Some PCI devices indicate that their memory address range is prefetchable (i.e. it has no side-effects on reads and host bridge can merge writes; effectively it behaves like normal memory but doesn't participate in PCI caching protocol). These ranges are mapped in prefetchable memory address range of corresponding PCI bridge.

Essentially memory from prefetchable range can be read/written by host in bigger chunks than program requests without breaking device functionality. Videocontroller's frame buffer is good example of it.

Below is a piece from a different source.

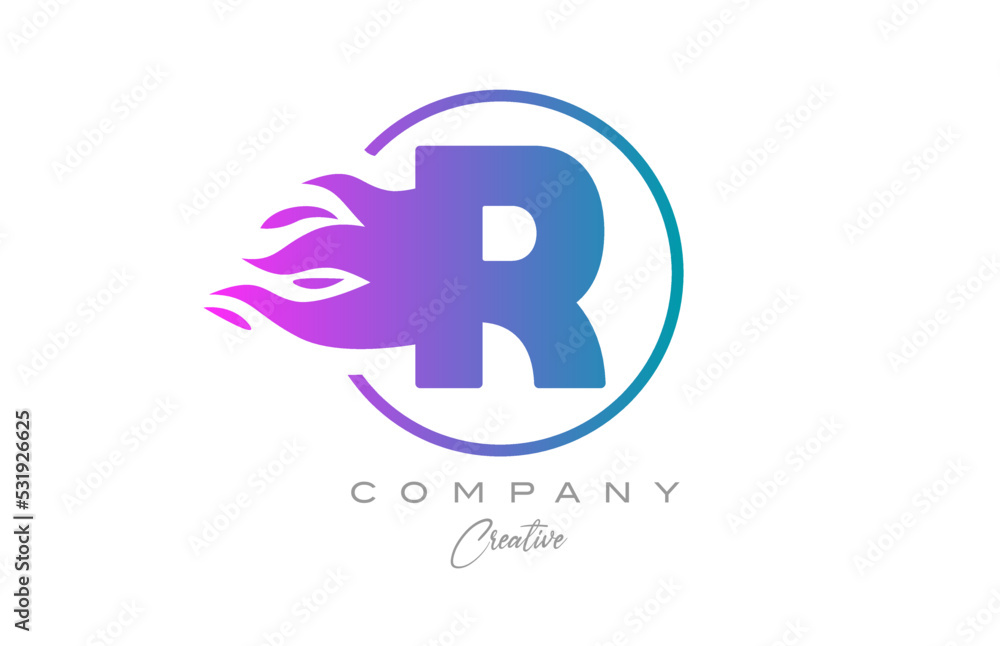 pink R alphabet letter icon for corporate with purple flames. Design with suitable for a company logo pink R alphabet letter icon for corporate with purple flames. Design with suitable for a company logo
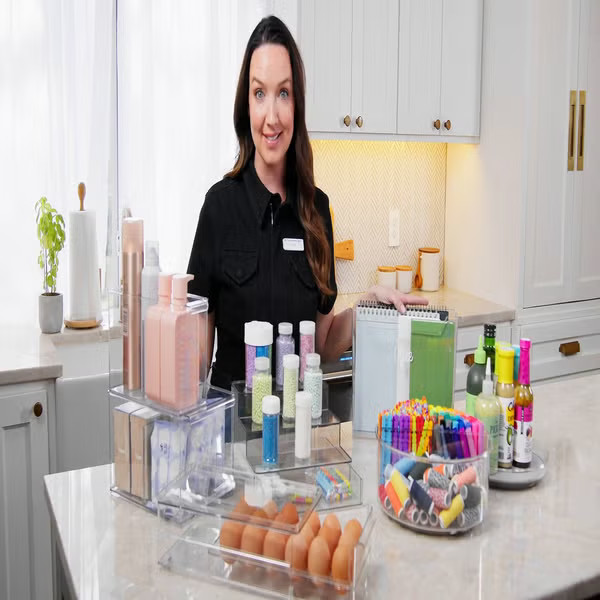 Everything Organizer Shelf-Depth Pantry Bin with Divider | The Container Store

PCI Local Bus Specification contains more detailed information on prefetch feature.
Posted on 2010-07-17 08:12:43 by baldr
Yeah, a framebuffer is a good example of prefetchable memory. It doesn't matter if you read it byte by byte, or in big chunks or merge writes to it. It's just data. An example of non-prefetchable memory might be an area where device's registers are mapped to. Every single read or write operation might affect device's functionality so you have to carefully perform read and write operations to those regions in very specific ways at very specific moments.
Posted on 2010-07-17 10:29:54 by ti_mo_n
Thanks for the replies.

Can you please clarify that by an assembly snippet. Pre-fetcheable means I write one byte into memory (this memory is some device's registers in fact) but CPU writes 10 bytes for example?

Posted on 2010-07-18 00:09:59 by logicman112
It doesn't have anything to do with assembly. It's a hardware thing.

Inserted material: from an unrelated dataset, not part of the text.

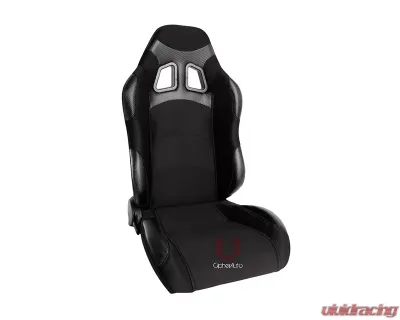 Cipher Auto Wide Version|Black Premium Cloth w/ Carbon Fabric Patch Racing Seats - Pair - CPA1007FBKWV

It means that another device (any device, not just CPU) can PREFETCH chunks of memory and it won't have any negative impact on device's operation.

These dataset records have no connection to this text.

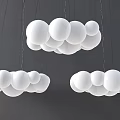 Modern Three Hanging Chandeliers With White Spherical Balls On Gray Background 3d model
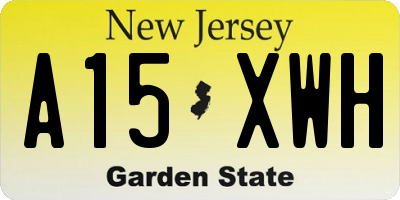 NJ license plate A15XWH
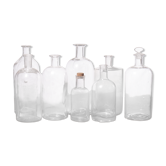 Set of pharmacy vials and wicker trunk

Let's see an example from CPU's point of view: It executes a read command of 1 byte from a location. Assuming that the data in not in the L1 cache, L1 cache orders L2 cache to fetch the data. L2 cache, in turn, performs a burst transaction of 64 bytes (1 cache line). The requested 1 byte is somewhere within this 64-byte region. Finally, the CPU's register is filled with this 1 byte and the execution conitues, but from memory's point of view the CPU had read 64 bytes, not just one. In most cases it's not a problem (and actually that's what caching is for), but in some cases it may be. Let's say that an external device's registers are mapped into some address range. This device has 2 1-byte registers (2 bytes in total) which are this device's timers. Reading from the first byte returns a timer's actual value, while reading from the secod byte gives another timer's value _AND_ resets the first timer (this is a very common behavior in many devices). Now imagine what happens if you try to read the first byte with full caching enabled. CPU will burst-in 64-bytes, reseting the first timer in the process. And that's not what you wanted when you requested only the first byte.

The above applies to write operations as well.

To prevent such unwanted behaviors, some devices explicitly state that a portion of their memory is NOT prefetchable. By stating that, they mean that you should read exacly those byte that you want to read and not more (in other words: you should not prefetch the data), because -for example- 2 registers may be mapped one next to the other and reading them both at once in 1 burst may give you different results that reading the first one and the the second one.

Another scenario is that you may need to read device's registers in a precisely specified order. Performing a burst prevents you from controlling the order in which you actually read data from an external device.

The above also applies to write operations.

To sum things up:
- Prefetching does not preserve the order in which you request data
- Prefetching does not preserve the amount of data requested

I hope it's clear now ^^
Posted on 2010-07-18 01:16:31 by ti_mo_n
Moreover, memory read in prefetchable range returns all bytes regardless of PCI BE[3:0]# signals (byte enables); PCI commands Memory Read Line and Memory Read Multiple are used more often than Memory Read to decrease latency of sequential reads.
Posted on 2010-07-18 01:47:52 by baldr
Thanks a lot ti_mo_n.

Baldr,

How BE works? How can i make BE# signal active for some bytes and inactive for the others? Besides if the second and forth bytes are enabled, for example, how these two bytes are transferred into a 32 bit register(or a 16 bit register)?
Posted on 2010-07-18 06:12:05 by logicman112

How BE works? How can i make BE# signal active for some bytes and inactive for the others? Besides if the second and forth bytes are enabled, for example, how these two bytes are transferred into a 32 bit register(or a 16 bit register)?


You can't, mostly. Two sequential writes to bytes with addresses 4*N+1 and 4*N+3 in prefetchable range probably will cause single Memory Write bus command with BE[1]# and BE[3]# asserted during data phase due to byte merging.

Haven't you read PCI specs yet?
Posted on 2010-07-18 09:55:24 by baldr
How a bridge recognizes to compare an incoming address with its list of pre-fetcheable addresses?  Please explain it by PCI signaling. 
Posted on 2010-07-24 01:18:36 by logicman112